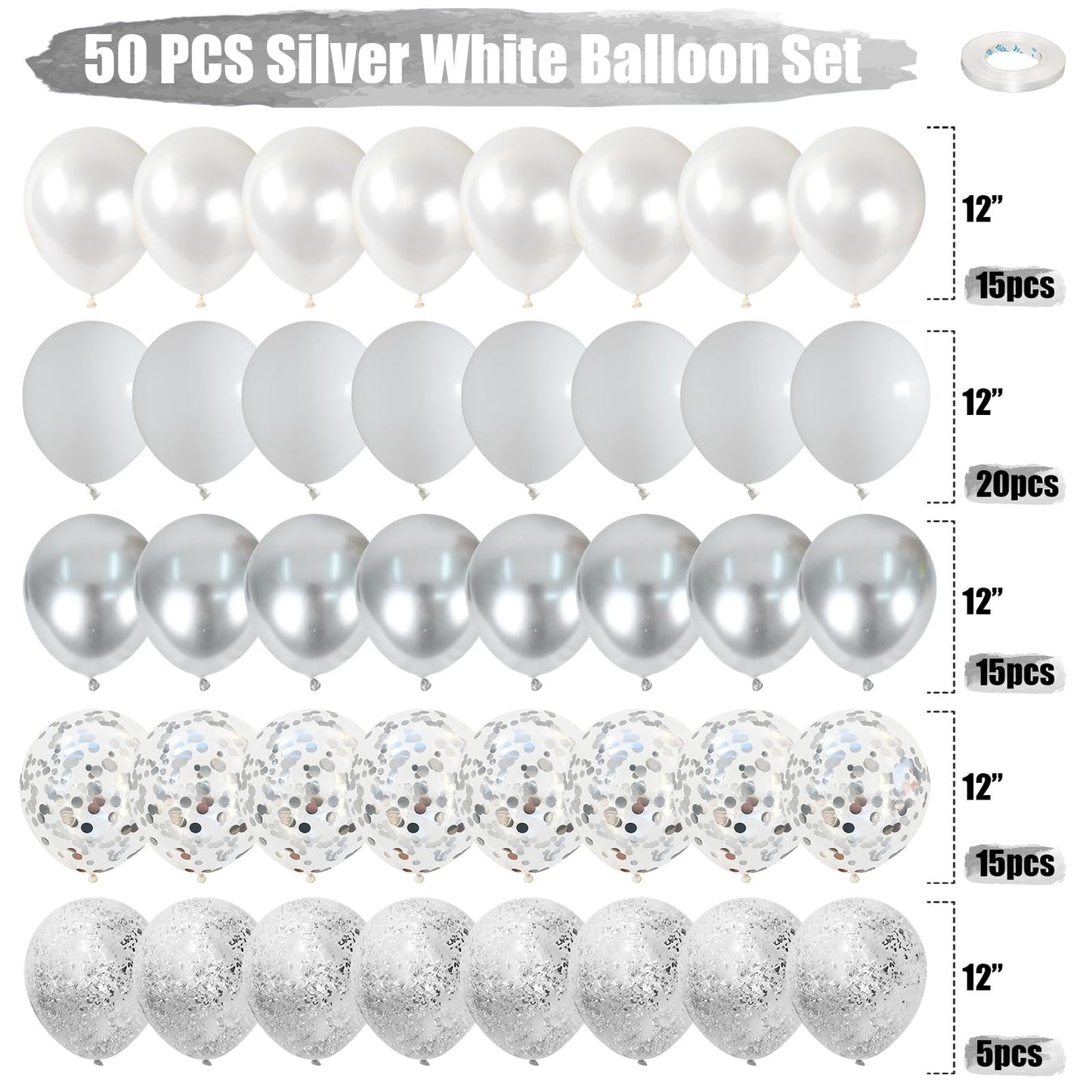 White And Silver Balloons, 60 Pcs Silver And White Balloons Set With Chrome Silver Confetti Metallic Silver Balloons, Globos Pla
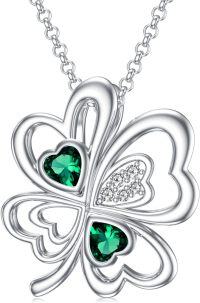 wholesale 925 Sterling Silver Clover Heart-Shaped Green Crystal Pendant Necklace for Women and Girls-Clover A
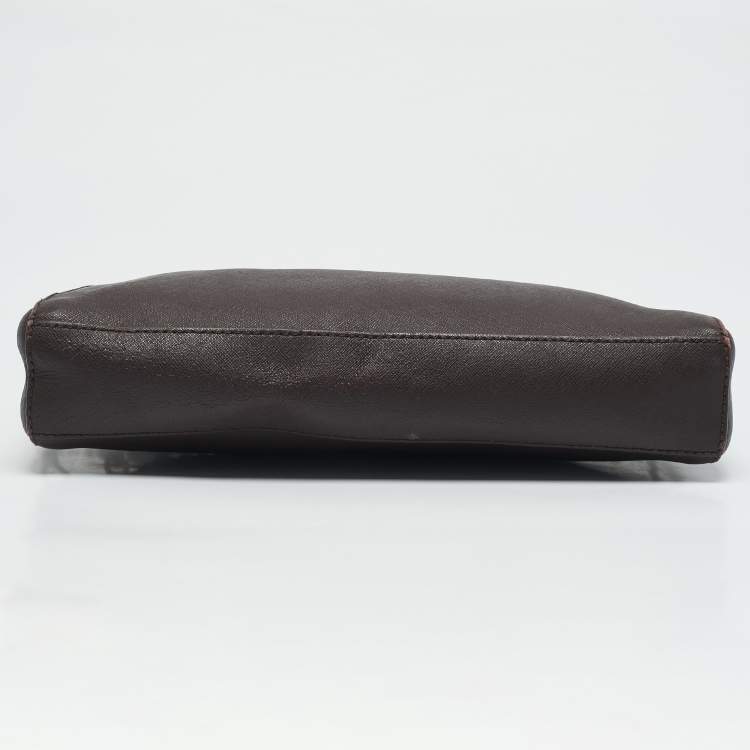 Pre Owned DKNY Dark Brown Saffiano Leather Bryant Park Zip Crossbody Bag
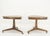 Wood Pair Triangular Shape Marble Tops End Side Stands Lamp Tables Tomlinson Mint! For Sale - Image 7 of 15
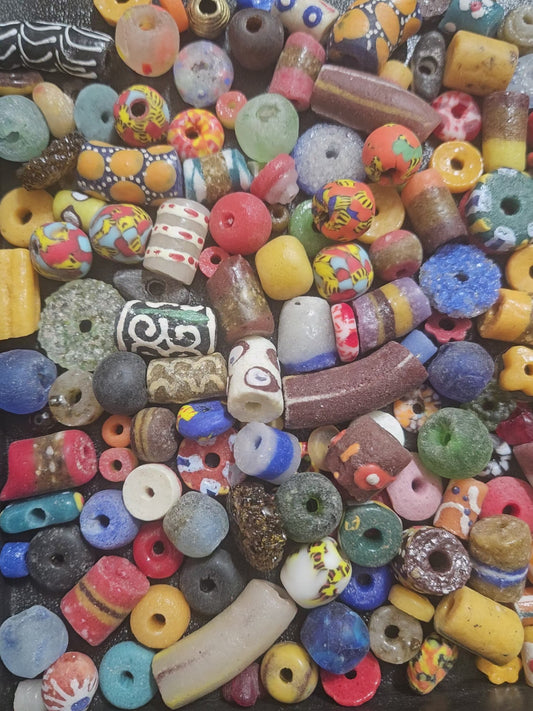 African Krobo Recycled Glass Beads – 1 Cup Mix (160+ Handmade Ghana Beads for Jewelry & Crafting, 1lb)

Problem statement:
Give back all of the entries above exactly, with the pictures excluded.

Task output:
 White And Silver Balloons, 60 Pcs Silver And White Balloons Set With Chrome Silver Confetti Metallic Silver Balloons, Globos Pla
 wholesale 925 Sterling Silver Clover Heart-Shaped Green Crystal Pendant Necklace for Women and Girls-Clover A
 Pre Owned DKNY Dark Brown Saffiano Leather Bryant Park Zip Crossbody Bag
 Wood Pair Triangular Shape Marble Tops End Side Stands Lamp Tables Tomlinson Mint! For Sale - Image 7 of 15
 African Krobo Recycled Glass Beads – 1 Cup Mix (160+ Handmade Ghana Beads for Jewelry & Crafting, 1lb)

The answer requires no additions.